# plantgeek.net pronunciation guide = cool



## turbowagon (Dec 30, 2005)

Who knew Blyxa was pronounced "BLY-zuh"

I always thought it was "BLIX-uh" :hihi:


----------



## slickwillislim (Nov 9, 2005)

oops. Its always tough to talk about plants in person. Plants just have tough names.


----------



## Urkevitz (Jan 12, 2004)

I am going to pretend I never read this and call it Blix-uh


----------



## hooha (Mar 14, 2004)

lol, yeah it is really useful. Some of our members of the Pittsburgh Plant society were aghast at the pronunciations of plants at the last AGA meeting (they are hardcore).


----------



## turbowagon (Dec 30, 2005)

hmm.... they don't have the pronunciation for _Riccia_ listed.... I'm going to assume I'm wrong in pronouncing it "RICK-ee-uh." Anyone want to enlighted me with the correct pronounciation?


----------



## SCMurphy (Oct 21, 2003)

Well Latin doesn't have a "K" and the "C" is restricted to the "K" sound, never the "S", Julius Kaeser, not Seaser. So Riccia is Rik-kee-ah, because, like Japanese, every syllable is pronounced.

(Latin doesn't have a "J" either, Iulius Caeser is the actual name)


----------



## turbowagon (Dec 30, 2005)

cool, thanks. I thought maybe the double c was pronounced "ch" or something and maybe it was "RICH-ee-uh"


----------



## JenThePlantGeek (Mar 27, 2006)

There was a fantastic article outlining the different pronunciation schemes and reasons for them in a recent (last couple years I think) addition of The Aquatic Gardner. I'll see if I can dig that up when I get home and type out some more specifics. If I recall correctly, there are two schools of thought or sets of rules for pronunciation, and it comes down to basically "there is no one right way".


----------



## aquanut415 (Jan 21, 2006)

as part of my undergraduate education in Botany, i took a plant taxonomy class in college which was taught by the greatest taxonomist i have ever had the pleasure (or maybe it was horror?) of meeting. we were lambasted by the professor, Dr. Bob Patterson at SFSU for incorrect pronunciations. we were informed that there are rules for correct pronunciation, but only real pains in the AS$ (like him) made any kind of deal about it.

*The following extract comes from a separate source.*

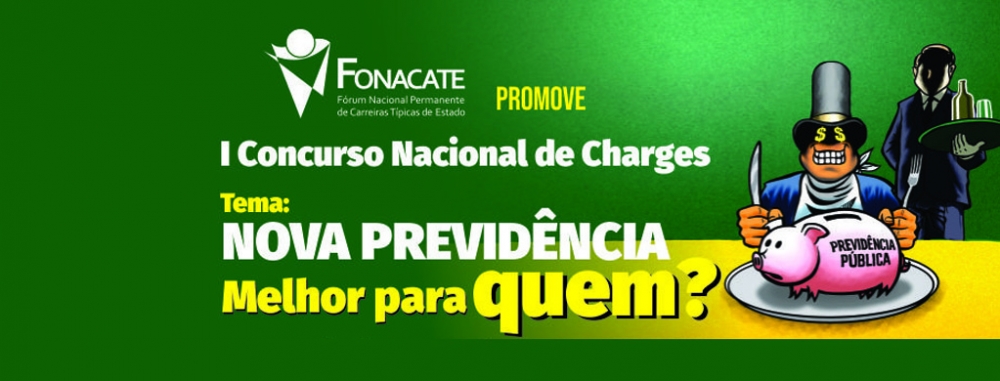 CONCURSO DE CHARGES: Com 107 inscrições – 1ª etapa de seleção será feita pelo Facebook, até o dia 30 de maio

although there are real rules, depending on where you are in the world, the pronunciations change based on regional dialects.

For instance, when British botansists talk about the Pine Tree Genus, they say "pee-nus", where as we in the US say "pie-nus".. the arguement over who is truly correct never ends... and does occur regularly, especially at internationally attended meetings...

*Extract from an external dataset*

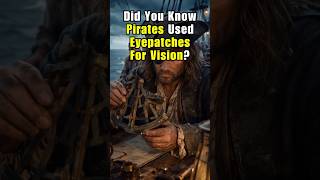Did You Know Pirates Used Eyepatches For Vision? 🏴‍☠️👁️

for this reason, we were made fun of when we used obviuosly bad names, but for the most part, were only forced to really know the spelling....


----------



## sandiegoryu (Feb 15, 2006)

Its Rik eeh uh? Well in Japan they call it "Riss eeh uh," in katakana (which is the alphabet for foreign words.)


----------



## A Hill (Jul 25, 2005)

Am I the only one who can't pronounce even half of the hobby related words that we are always typing? I never noticed the I in Riccia, I thought it was Ricca... Or am I just really tired and confused?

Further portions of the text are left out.